One of the happiest moments of Stephen Trettel's young life came in November 2006. He was in the basement of his family's Jordan home, surrounded by wire, aluminum foil and toothpicks, looking at a graph.
"I had turned my basement into a lab," Trettel said. "I built 7,300 configurations of this thing and tested them one by one. After 200 tests were completed, I put all the data points on a graph, and they all lined up perfect. I thought, 'This is sweet!' I ran upstairs to tell my dad, 'Dad, it actually works.' "
"This thing" that Trettel talks about is an asymmetrical capacitor. Rarely studied by scientists and built mostly by hobbyists in their basements, an asymmetrical capacitor is a device that levitates when a huge amount of electricity is applied, though in the 90 years since the effect was first documented, nobody has had a working theoretical explanation of why.

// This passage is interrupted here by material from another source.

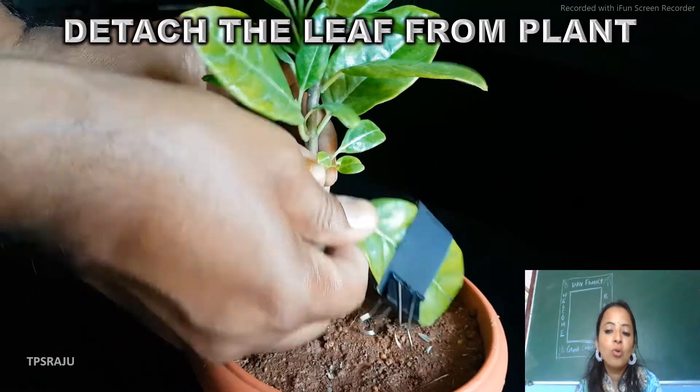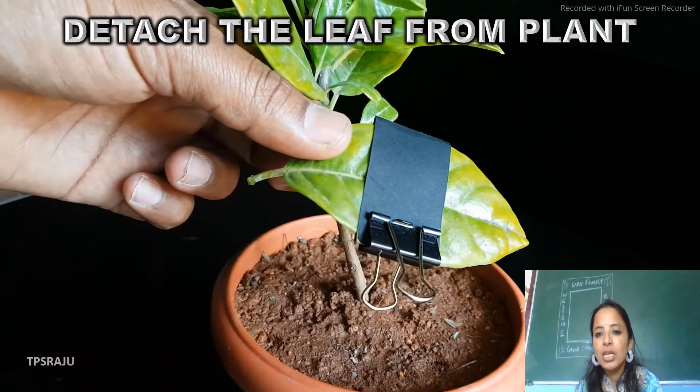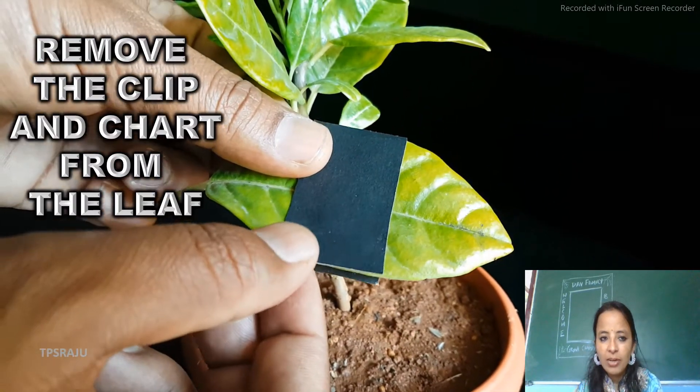For this we are supposed to do one test. We will detach the leaf from the plant and then we are supposed to remove the clip and black chart from the leaf.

Trettel, a senior at New Prague High School, is the only two-time winner of the National Junior Science and Humanities Symposium, sponsored by the U.S. Army, Navy and Air Force. In May, he won first place in the engineering division of the International Science and Engineering Fair.
And he knows why it works.
"That's crazy"
The effect of the asymmetrical capacitor levitating seems to fly in the face of reason, as if someone sitting in a desk chair pulled up on its arms and the chair launched into the air.
Trettel's answer is this: When electricity is pumped into the capacitor, the ions -- or charged particles in the air around it -- start moving. The motion creates a downward force, like that created by the main rotor of a helicopter. Newton's third law of motion says every action has an equal and opposite reaction, so the opposite reaction to the downward force is that the device lifts off the ground.